When a giant star dies, it can collapse into a black hole or implode into an ultra-dense neutron star. But there are even stranger possibilities. Here are some theorized stars that make black holes look downright boring.
Before we get to all the weird stars, we should probably review the stars we already know about. Ordinary stars are just gigantic bodies of luminous plasma, most made up of hydrogen but also containing varying amounts of other elements. The mass of stars can vary quite a bit, from tiny red dwarfs to blue super-giants to average-sized yellow spheres like our Sun, but the internal makeup is all more or less the same.
When these stars reach the end of their lives, one of two things can happen. A medium or low mass star goes through a brief period of expansion, and then it contracts back into a white dwarf, a pale husk of the old star that can exist for incalculable eons. But if the star is massive enough, it will explode in a massive supernova, then collapse in on itself to form a neutron star, which can then ultimately become a black hole.
Our Friend the Neutron Star
To understand the stars we're about to talk about, a word needs to be said about neutron stars. The name for these stars is more apt than people generally realize - these stars are composed mostly of neutrons, although other particles are involved as well. Our current models suggest there's an outer layer of regular atoms surrounded by free electrons, then further inside there are nuclei of protons and neutrons, which generally have far more neutrons in them than protons. Still further is a mix of free neutrons, nuclei, and free electrons, and then at the core of the neutron star...well, we don't actually know that bit yet.
The key thing is that neutron stars are what happens when the force of gravity is strong enough to cram a star's worth of matter into a sphere only about twenty miles across. At such absurd densities, the matter takes on a new degenerate form, which is the neutron matter that we see in neutron stars. And if the densities are even more intense than can be supported by neutron matter, the star completely collapses into itself to form the singularity of a black hole.
That's all simple enough, right? But what if there are other kinds of compact stars between neutron stars and black holes? After all, a compact star has to be at least 10 times the mass of the Sun (or 10 solar masses) to become a black hole, but neutron stars are only the definite fate for compact stars between 1.5 and 3 solar masses. What about all the compact stars with masses between 3 and 10 solar masses? Well now, here's where things get weird...or, to be more precise, things get strange.

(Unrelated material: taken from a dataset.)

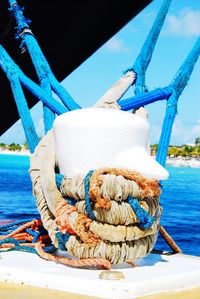 Close-up of rope tied to railing against blue sea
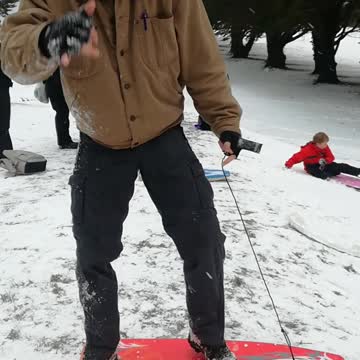 Music man boogie boards down snowy hill falls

Let's Get Strange: Quark Stars
The reason why neutron stars can withstand the tremendous gravitational forces that come with being so dense is a quantum property known as degeneracy pressure. Basically, this is where matter reaches such an incredibly high density that the only thing keep its component particles separate is that the laws of quantum mechanics forbid them from occupying the same quantum states. Since individual neutrons are much smaller than atoms, it's possible to cram them much closer together in a neutron star than would be with even the most tightly packed array of atoms.
Now what if you reached a point where the neutron stars could be pressed together no further? Then - and this only a theory - the neutrons might start breaking down into their own component parts, the quarks. Neutrons are composed of one up quark and two down quarks (if you need a refresher on quarks, check out our guide). Some of those down quarks might then turn into their heavier siblings, the strange quarks, and the resultant soup of quarks is known as strange matter after those particles.